*What the task asks:*
Scan the records below for the line with "Mary Cotton Gauze Wrap Skirt - Pistachio" and the line with "#ad 2 Tier TV", and retype that range exactly, both ends included, pictures excepted.

*Given records:*
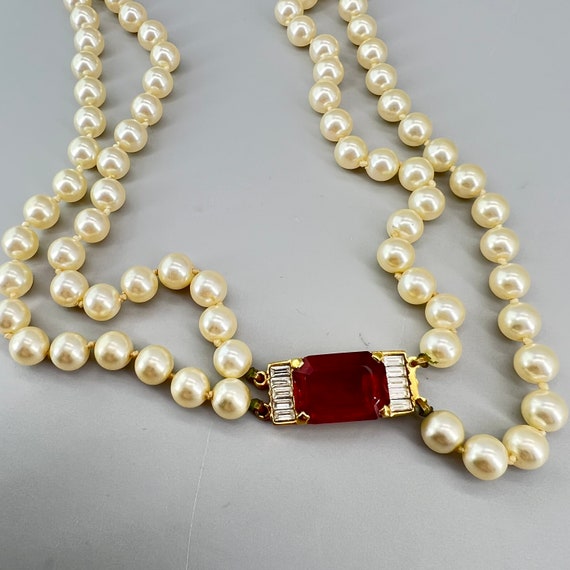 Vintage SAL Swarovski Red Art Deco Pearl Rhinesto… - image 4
---
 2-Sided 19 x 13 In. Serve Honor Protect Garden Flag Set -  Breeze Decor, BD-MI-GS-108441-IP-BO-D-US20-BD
---
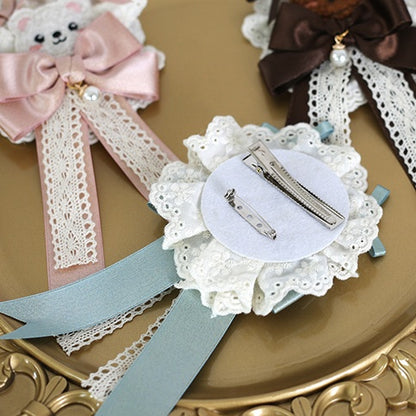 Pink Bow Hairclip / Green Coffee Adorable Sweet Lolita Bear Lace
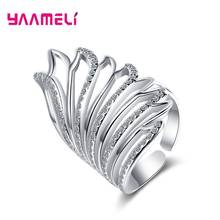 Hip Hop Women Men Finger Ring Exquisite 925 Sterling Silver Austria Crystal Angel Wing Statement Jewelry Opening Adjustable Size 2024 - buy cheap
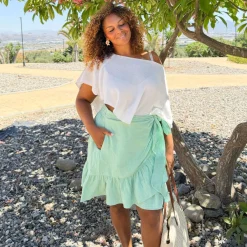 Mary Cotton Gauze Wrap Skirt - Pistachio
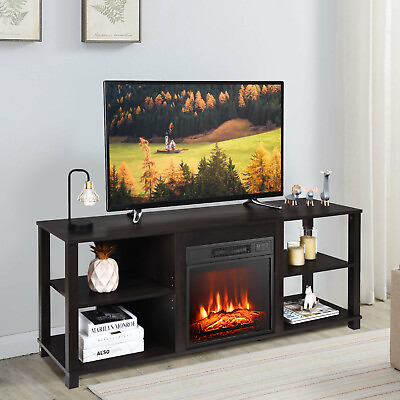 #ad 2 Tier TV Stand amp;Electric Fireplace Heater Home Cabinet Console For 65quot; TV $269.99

*Task answer:*
 Mary Cotton Gauze Wrap Skirt - Pistachio
 #ad 2 Tier TV Stand amp;Electric Fireplace Heater Home Cabinet Console For 65quot; TV $269.99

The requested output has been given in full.